A Father Remembered: The Acting Coach

Theater was my father’s religion, and Shakespeare’s works were his Bible. Using Hamlet or Othello or King Lear as a moral compass, Dad set me up with some precise ideas about how a person should behave in the world.

As a young man, my father studied at the Goodman Theatre in Chicago. He came to New York at the height of the Depression, but within months he landed parts in daytime radio serials such as Myrt and Marge, Valiant Lady, and The Goldbergs. He was sometimes doing two or three live performances in a day, zipping across town from one studio to the next in taxis.
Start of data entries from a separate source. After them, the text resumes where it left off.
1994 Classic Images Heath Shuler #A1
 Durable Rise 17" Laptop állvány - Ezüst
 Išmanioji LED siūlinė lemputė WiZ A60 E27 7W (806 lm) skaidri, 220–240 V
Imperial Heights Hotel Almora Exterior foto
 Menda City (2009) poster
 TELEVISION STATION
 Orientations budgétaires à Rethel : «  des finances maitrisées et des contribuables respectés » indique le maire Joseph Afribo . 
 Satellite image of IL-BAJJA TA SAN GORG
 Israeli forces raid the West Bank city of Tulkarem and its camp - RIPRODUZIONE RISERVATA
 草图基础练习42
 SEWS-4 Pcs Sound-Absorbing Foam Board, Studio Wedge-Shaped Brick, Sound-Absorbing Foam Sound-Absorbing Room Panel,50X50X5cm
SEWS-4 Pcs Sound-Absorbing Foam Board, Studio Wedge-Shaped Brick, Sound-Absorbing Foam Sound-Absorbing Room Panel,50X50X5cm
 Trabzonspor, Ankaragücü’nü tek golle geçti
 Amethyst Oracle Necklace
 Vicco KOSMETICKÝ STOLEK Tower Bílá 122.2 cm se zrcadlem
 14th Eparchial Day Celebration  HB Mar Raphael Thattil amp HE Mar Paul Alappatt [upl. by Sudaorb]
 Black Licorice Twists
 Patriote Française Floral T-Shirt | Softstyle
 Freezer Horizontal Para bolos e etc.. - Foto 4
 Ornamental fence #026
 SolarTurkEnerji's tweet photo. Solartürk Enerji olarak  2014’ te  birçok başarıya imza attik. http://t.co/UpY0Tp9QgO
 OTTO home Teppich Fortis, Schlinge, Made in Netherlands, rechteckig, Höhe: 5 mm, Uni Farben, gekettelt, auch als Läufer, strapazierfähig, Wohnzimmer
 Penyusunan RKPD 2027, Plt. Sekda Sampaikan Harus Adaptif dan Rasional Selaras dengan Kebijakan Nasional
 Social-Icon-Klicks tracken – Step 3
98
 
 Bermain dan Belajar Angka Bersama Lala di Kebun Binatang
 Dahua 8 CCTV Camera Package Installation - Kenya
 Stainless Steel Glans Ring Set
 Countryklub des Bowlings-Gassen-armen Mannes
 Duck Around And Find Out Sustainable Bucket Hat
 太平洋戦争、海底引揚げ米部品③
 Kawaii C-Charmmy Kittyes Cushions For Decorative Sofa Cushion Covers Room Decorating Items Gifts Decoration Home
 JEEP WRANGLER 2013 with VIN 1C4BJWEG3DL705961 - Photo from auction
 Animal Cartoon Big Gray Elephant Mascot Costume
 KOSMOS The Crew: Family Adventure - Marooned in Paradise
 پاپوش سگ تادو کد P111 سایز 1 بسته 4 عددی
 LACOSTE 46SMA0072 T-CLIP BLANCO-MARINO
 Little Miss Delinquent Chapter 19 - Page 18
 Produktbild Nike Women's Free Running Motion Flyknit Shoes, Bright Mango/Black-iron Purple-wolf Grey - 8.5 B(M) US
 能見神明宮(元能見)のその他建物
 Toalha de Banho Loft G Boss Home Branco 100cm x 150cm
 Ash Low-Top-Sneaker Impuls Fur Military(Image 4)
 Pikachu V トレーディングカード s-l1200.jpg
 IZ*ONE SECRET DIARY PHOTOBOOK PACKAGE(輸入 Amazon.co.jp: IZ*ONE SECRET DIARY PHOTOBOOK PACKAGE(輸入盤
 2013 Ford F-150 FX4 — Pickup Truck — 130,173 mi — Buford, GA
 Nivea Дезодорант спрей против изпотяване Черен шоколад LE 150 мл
His dream was to perform on Broadway, and he would brim with emotion as he described the great stage actors he’d seen, such as the Lunts and a young Olivier. As for his radio work, that was just something he had to do to pay the bills.

By the time I was born, he had exited show business for a more stable career, but, as far as we kids knew, that was just a technicality. He would always be an actor at heart. Where other dads might sing in the shower, ours would recite from Hamlet. “What is Hecuba to him, or he to Hecuba, that he should weep for her?” he would declaim in his stage voice — big enough to carry to the cheap seats, but in this case echoing through our New York apartment and, if the bathroom window was open, into the courtyard as well. He was bigger than life.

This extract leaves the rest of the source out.